Gunshot residue – also known as GSR – is released from the discharge of a firearm.

Gunshot Residue if generated from the interior interactions of the firearm, cartridge case, bullet, base primer and propellant. Primer mixture is responsible for the inorganic matter and the propellant supplement the organic matter. Within the forensic science community, there is a need for analyst to make association between the firearm and the suspect (Tobin). This associations begins with the confirmatory analysis of the GSR and either matching or disproving it with the evidence provided. The primary components of the Gunshot Residue primer include lead styphnate (explosive), antimony sulfide (fuel), and barium nitrate (oxidizer) (Tobin). These components generate large amount of heat and pressure which then ignites the organic propellant and create higher temperatures and pressures, nearing 3.600°C and 40,000 psi.

The metals and organic components are then vaporized due to the high heat and pressure additives that they anneal into spheroid shaped particles (Basu). The newly formed organic particles in conjunction with the inorganic particles are both characteristics forming the GSR. The inorganic components are most commonly tested for positive characteristics of GSR. There are many factors associated with GSR that make it increasingly difficult to associate residue with a specific firearm or suspect.

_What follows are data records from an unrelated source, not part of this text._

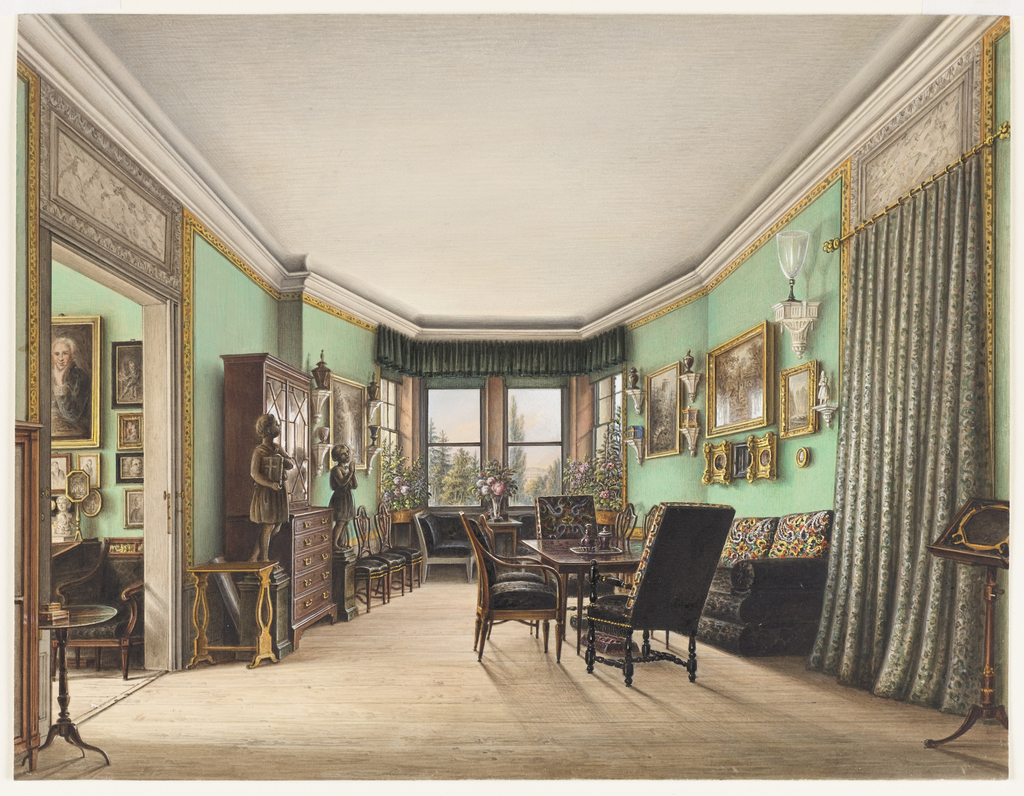 1024x796 Watercolor, A Room In Schloss Buchwald, Objects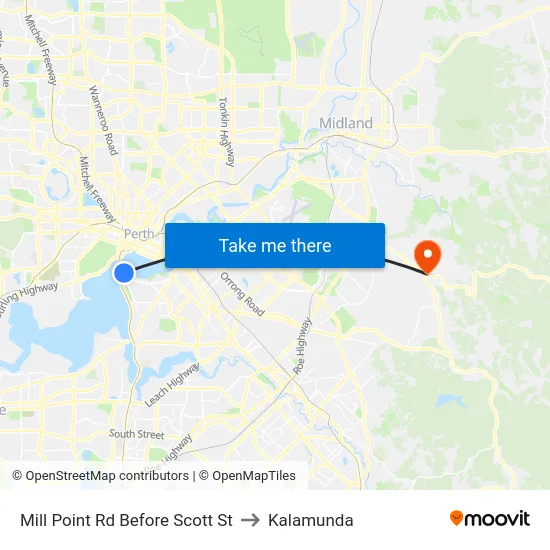 Mill Point Rd Before Scott St to Kalamunda map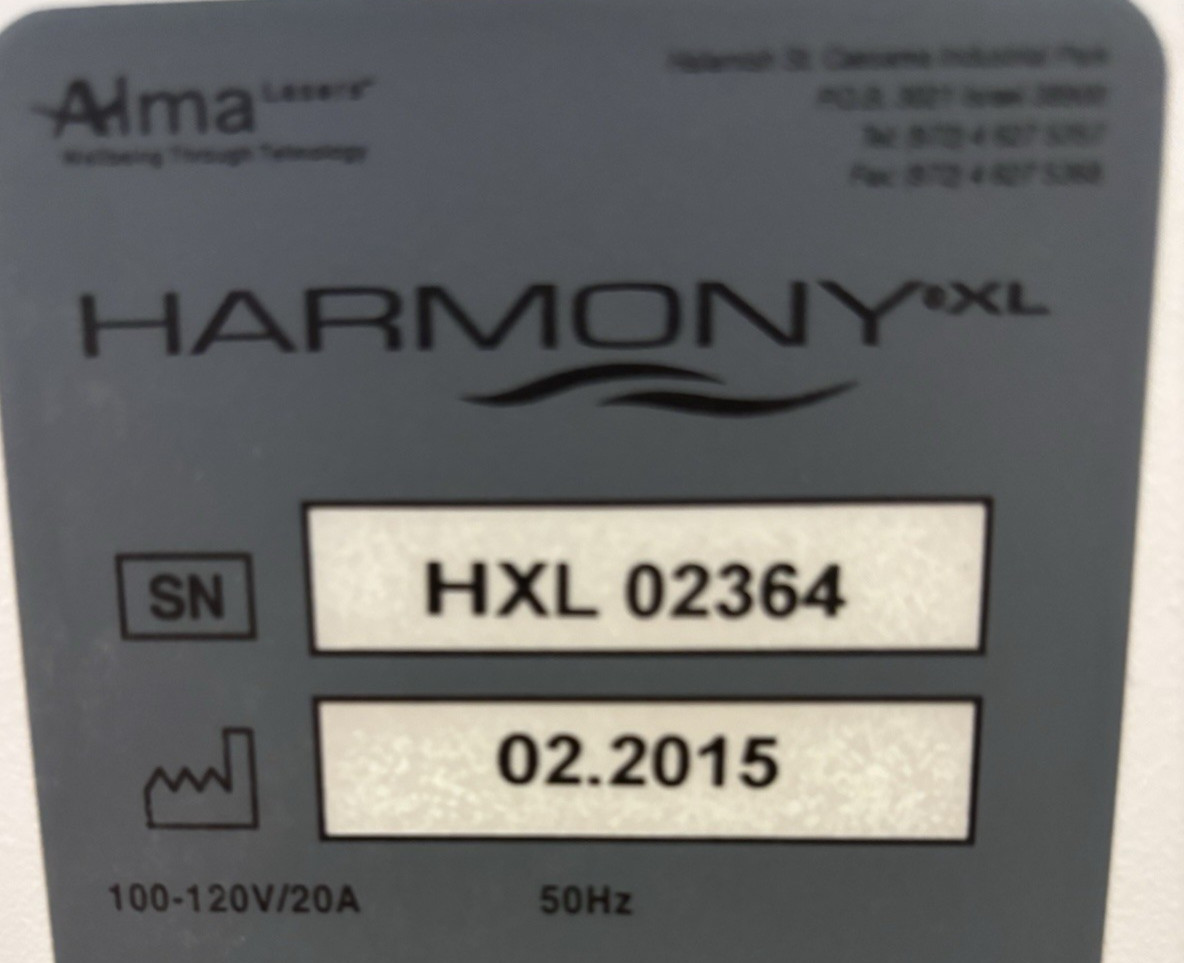 Alma Harmony XL 2015 with 540, Dye VL and I Pixel hand pieces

The introduction of lead-free ammunition has presented a challenge for GSR analysis for many forensic laboratories. The usual characters such as lead, barium and antimony as the staples are no longer suitable for cases involving lead free ammunition. This is mostly due to the lack of heavy metals. Figure 2 demonstrates the difference between OGSR and IGSR in side-by-side evaluation. As previously states the organic components of GSR known as OGSR, have been the components of which to identify GSR through smokeless powder propellant. The analysis of OGSR is indeed beneficial due to the amount of smokeless powder present within ammunition. The amount of smokeless powder is significantly larger than the amount of primer mixture present. This may potentially lead to a greater amount of residue arising due to the propellant when compared to that from the primer mixture.

Gunshot propellant come in a variety of numerical bases. Single and double based powders are most common propellants in ammunition, triple based powders are less common due to the large caliber, rockets and military usage (Maitre). Additives to the powders such as flash inhibitors, stabilizers and plasticizers allow an improved stability, workability and control the burning rate. Methyl-centralite and ethylcentralite are specifically restricted to the production of smokeless powder and are considered the main components of the propellant. The nitrated-derivates of Diphenylamine (DPA) such as N-nitrosodiphenylamine and others are considered characteristics of GSR (Maitre).

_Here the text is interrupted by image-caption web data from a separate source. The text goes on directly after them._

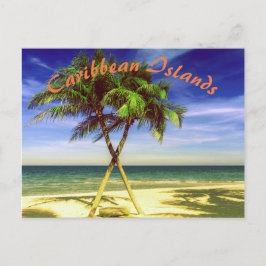 Karibien Handflatan Träd Tropical Island Beach Vykort
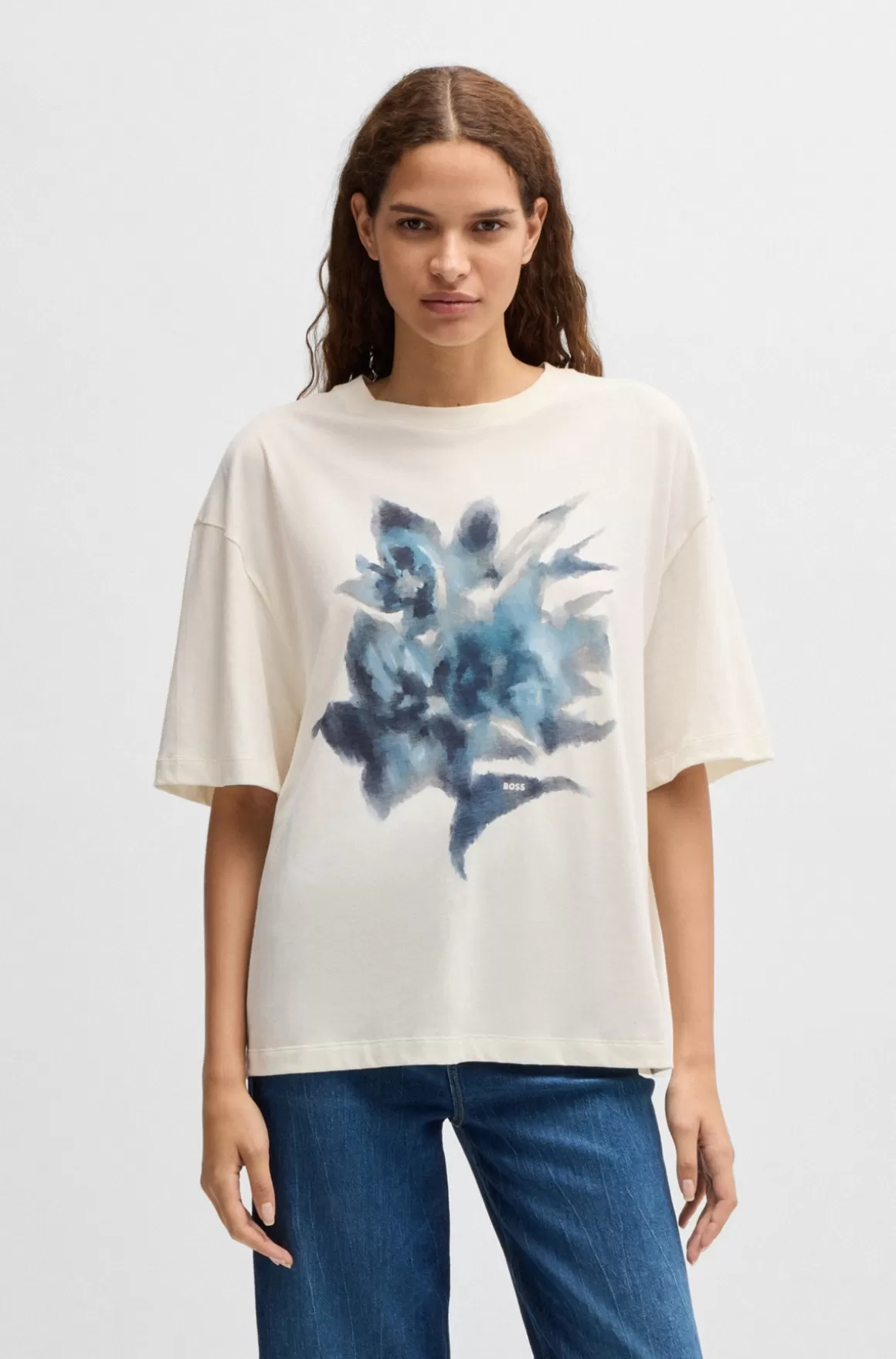 HUGO BOSS T-shirt I Bomuldsjersey Med Oversize Fit Og Sæsonens Grafik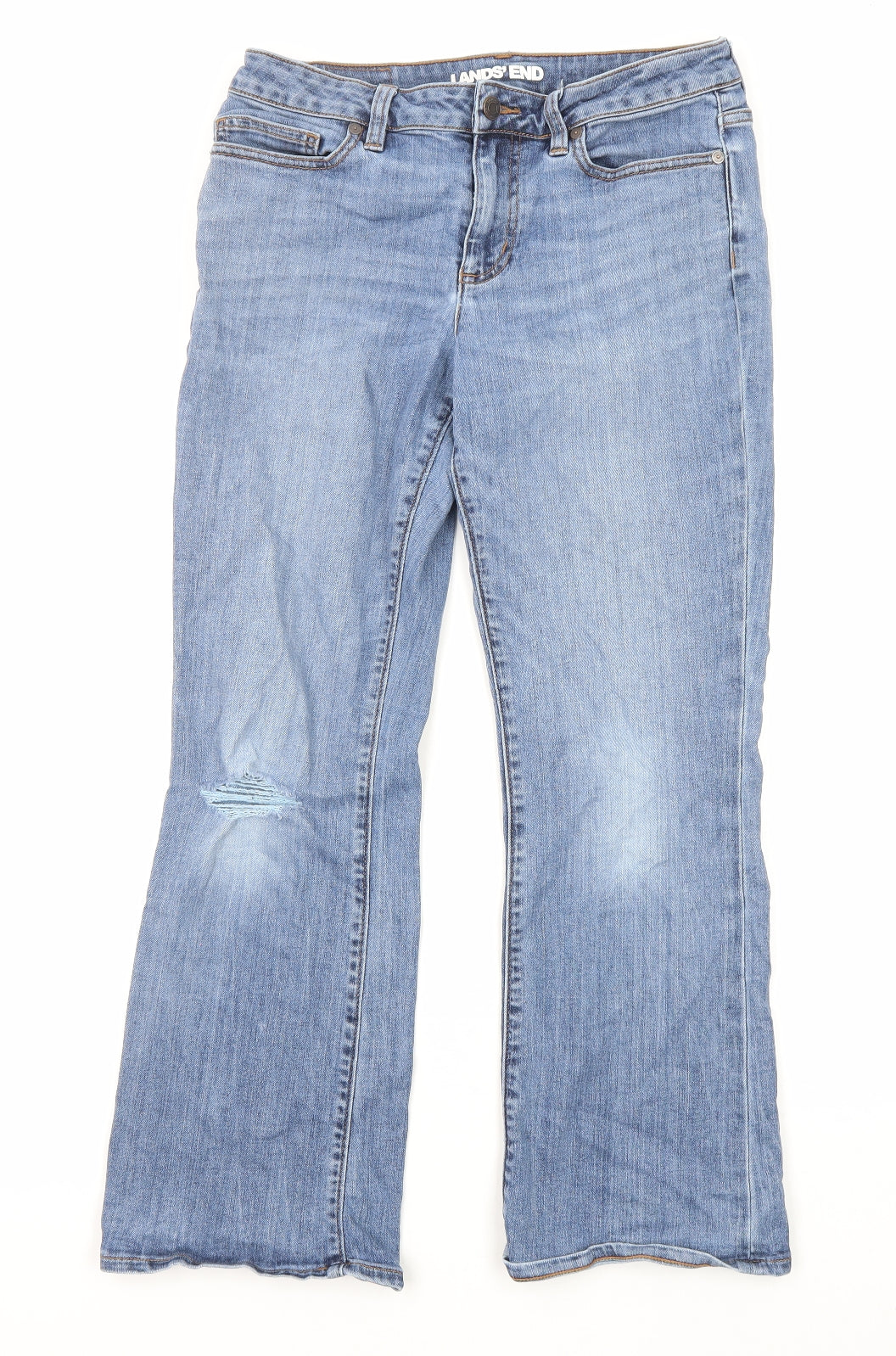 Lands' End Womens Blue Cotton Bootcut Jeans Size 12 L26 in Regular Zip - Pockets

One of the main problems with analysis of Organic Gunshot Residue is although its abundance in ration of bullet, it is indeed considered a trace elemental evidence. Law enforcement investigators test clothing and skin for GSR to determine a persons culpability if they were near the firing of the gun. Gunshot residue can travel between 3-5 feet from the gun. Since this is not considered a far distance the analysis of trace particles which can be detected as far as many meters away (Mukesh). This practice is used often within forensic examinations of a crime scene. Table 1, displays the trace elements measurements and examples within everyday examples. A laboratory can spend a great deal of funding to operate the trace realm analytical instruments. The level of expertise among the trace analyst must be incredibly high.

Inorganic mass spectrometry was unapproachable and im¬practical because it was too expensive and volatile to be bothered with. Inorganic matter evaluation is now more affordable. There are many other trace analysis techniques today that function well for example low limit carbon and sulfur determinators, oxygen, nitrogen, and hydrogen determinators, nuclear methods, and isotope dilution mass spec¬trometry (Mukesh). It is also possible to isolate inclusions and phases from an alloy and characterize them in the same manner as the alloy matrix. One example of this includes the use of Atomic Absorption Spectroscopy. This last subject is closely related to trace work since tramp elements are often associated with compounds and metallic phases in an alloy (Mukesh).

Organic and Inorganic Gunshot residue is detectable on the skin after firing as few as one gunshot. There are several analytical techniques that have been successfully utilized for the detection of IGSR such as gas chromatography, micellar electrokinetic capillary electrophoresis, desorption electrospray ionization-mass spectrometry and liquid chromatography with mass spectrometry (Mainstre). The analytic and instrumental aim is limited to the information provided by the experts on OGSR and IGSR traces and judicial parties involved in the investigative process. This unfortunate disadvantage requires forensic scientist to inquire about a better understanding of IGSR and OGSR traces beyond the simple question of analytic detection. This is also limited due instrumentation deficit and laboratory funding.

Addition training and guidance to the potential value of IGSR analysis is necessary (Dalby). An important component of evaluation of inorganic component of GSR is the time component associate. The majority of IGSR is said to be lost within the first three hours after initial firing. This evaluation was confirmed doing scanning electron microscopy coupled with energy observation. This leads to the need of an instrument in which is both incredible sensitive and time sensitive. Such a technique that comes to mind is Atomic absorption spectroscopy.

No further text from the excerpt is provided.